Neste domingo foi realizado o Audax 300 dos voluntários. Os ciclistas que trabalharam no dia 9/8 na largada, PC1 e chegada puderam tentar obter o Brevet num repeteco idêntico do Audax 300 da semana passada, mas sem nenhum PC real. Dos 9 inscritos só 5 apareceram, além do Edson que não tinha Brevet 200, mas nos acompanhou. Abaixo meu relato do que passamos ontem.
Edu
Momentos 1
Perguntei ao meu companheiro de pedalada:
- Maurício, quantos anos você tem?
- 47 – diz ele, mas o barulho da estrada não me deixa ouvir direito.
- 37?
- Não! 47!
- Ah tá, mas você passa por 37.
- Obrigado. E você tem quantos anos?
- 33 – respondo eu.
E ele manda direto:
- Então eu passo por 37, fácil.
Dito isto, sai rindo alto e debochado, pedalando mais rápido...
Momentos 2
Uma e meia da manhã. O Marcos disparou na frente e o Daniel ficou bem pra trás justamente num trecho da estrada que fica longe de casas e fábricas, portanto com pouca luz artificial. Menos ainda porque poucos carros passavam nessa hora.
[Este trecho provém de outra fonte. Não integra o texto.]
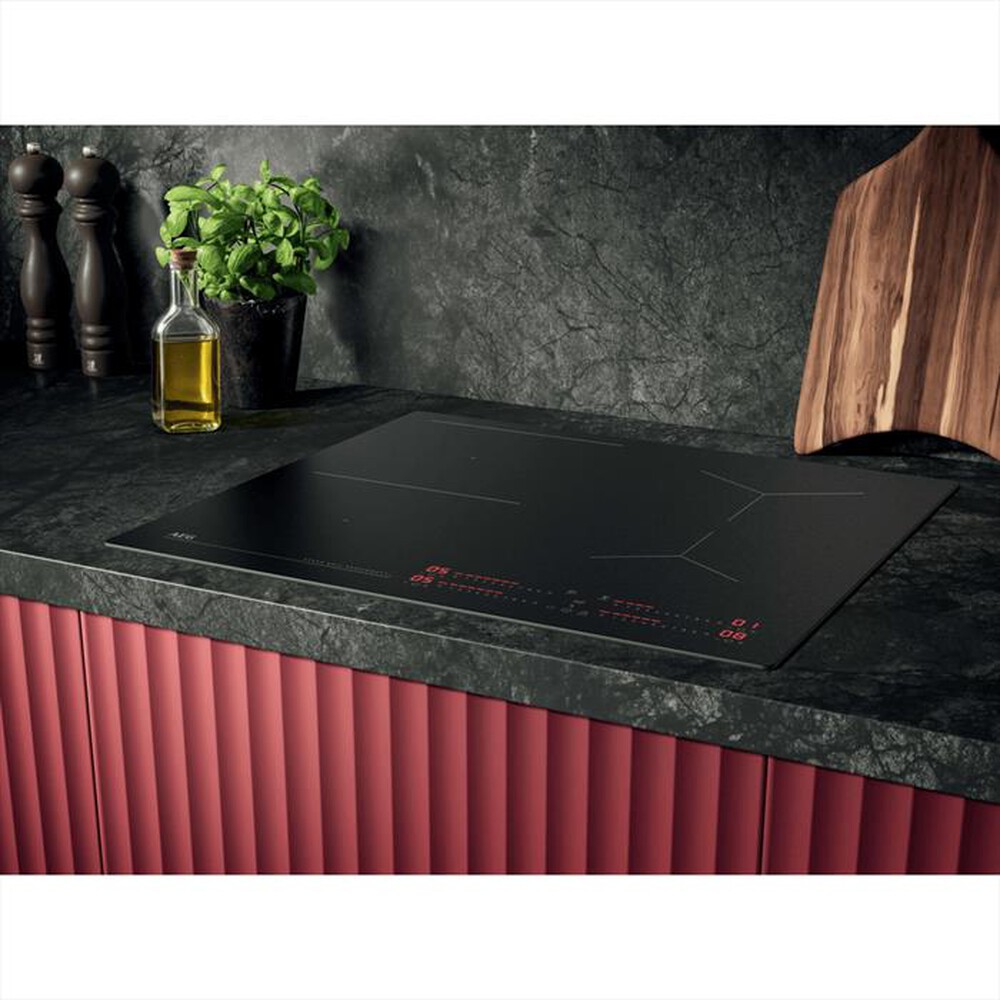 Immagine del prodotto AEG - Piano cottura elettrico TI64IB30IZ 58 cm-Nero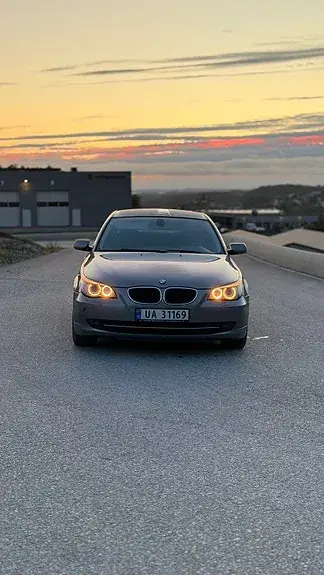 BMW 520D 2009 photo 2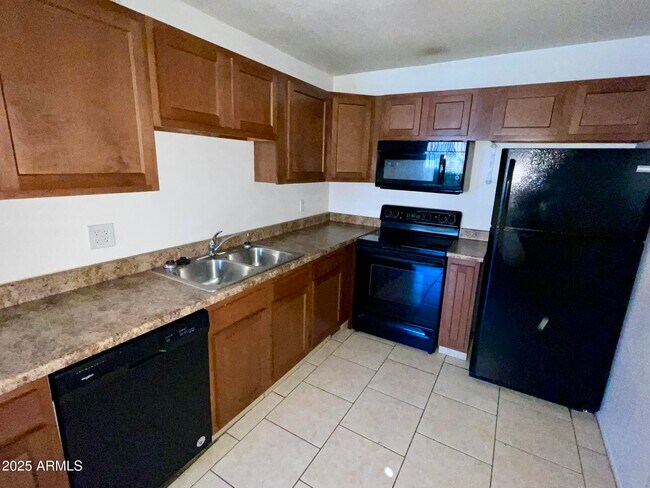 Building Photo - 2417 West Campbell Ave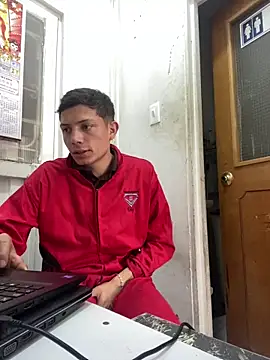 Snapshot of santiObrero chatting on February 10, 7:51 pm santiObrero online show from February 10, 7:51 pm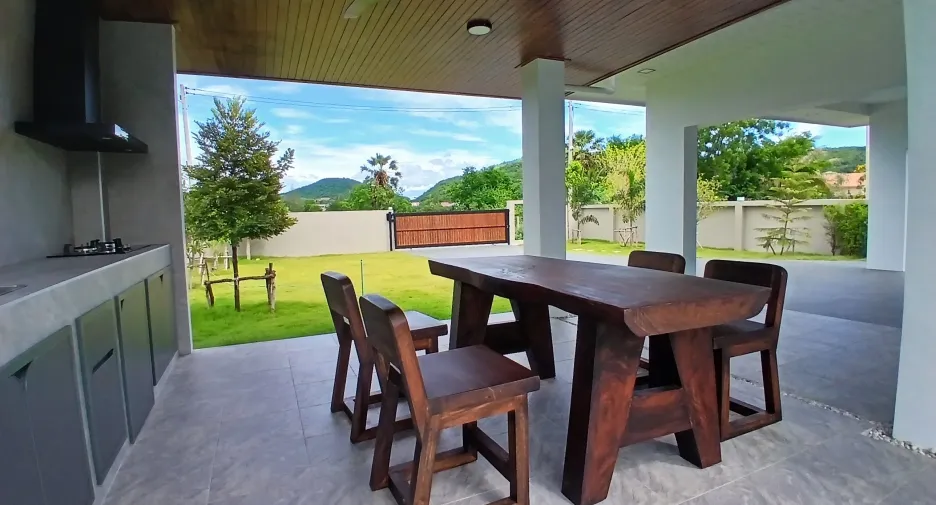 For sale 3 bedrooms villa in Sam Roi Yot, Prachuap Khiri Khan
Mesmo com os dois faróis ligados já dava pra perceber que a noite estava linda com zilhões de estrelas e uma lua minguante ‘recém-nascida’. O trecho onde eu estava era uma descida leve, longa e reta. Reduzi a velocidade, parei de pedalar e desliguei os faróis. Por alguns instantes deixei a bicicleta rolando e só olhei pro céu, vento no rosto, lua e estrelas se exibindo no máximo... Simplesmente fantástico e inesquecível.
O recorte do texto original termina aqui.